During the first seconds after takeoff, a rocket traveled 208 kilometers in 50 minutes at a constant rate. Suppose a penny is dropped from a skyscraper and travels 153 kilometers in 5 hours at a constant rate. Which of these objects has a faster speed per hour? And by how much?

To compare the speeds of the rocket and the penny and find out which object has a faster speed per hour, we need to calculate their respective speeds using the formula for speed, which is:

Speed = Distance / Time

For the rocket: Distance = 208 kilometers Time = 50 minutes

First, we need to convert the time from minutes to hours since we want the speed in kilometers per hour.
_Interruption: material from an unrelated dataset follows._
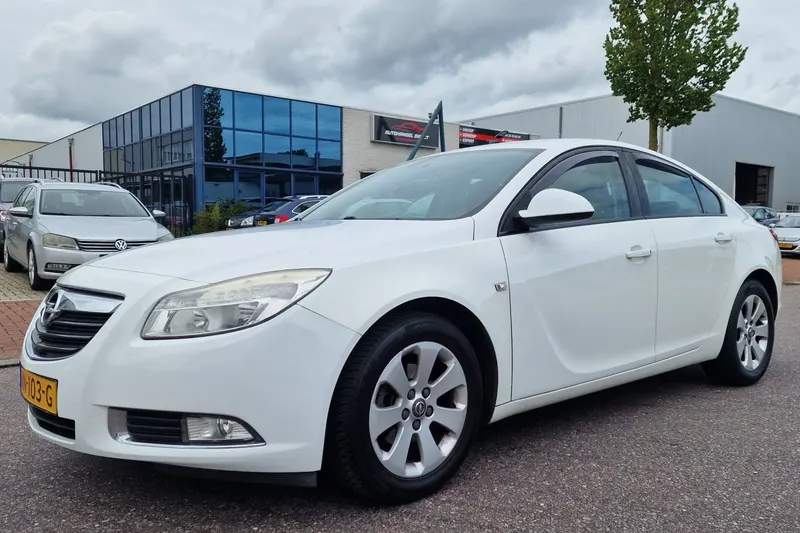 Opel Insignia (2009)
There are 60 minutes in an hour, so:

Time in hours = Time in minutes / 60 Time in hours = 50 / 60 Time in hours = 5/6 or approximately 0.833 hours

Now, let's calculate the speed: Speed of rocket = Distance / Time Speed of rocket = 208 km / (5/6) hours Speed of rocket = 208 km / 0.833 hours Speed of rocket ≈ 249.7 km/hour

For the penny: Distance = 153 kilometers Time = 5 hours

The penny's speed is straightforward to calculate since the time is already given in hours: Speed of penny = Distance / Time Speed of penny = 153 km / 5 hours Speed of penny = 30.6 km/hour

Comparing the speeds: The speed of the rocket is 249.7 km/hour and the speed of the penny is 30.6 km/hour.

To find out by how much the rocket's speed is faster: Difference in speed = Speed of rocket - Speed of penny Difference in speed = 249.7 km/hour - 30.6 km/hour Difference in speed ≈ 219.1 km/hour

The rocket is faster than the penny by approximately

219.1 kilometers per hour.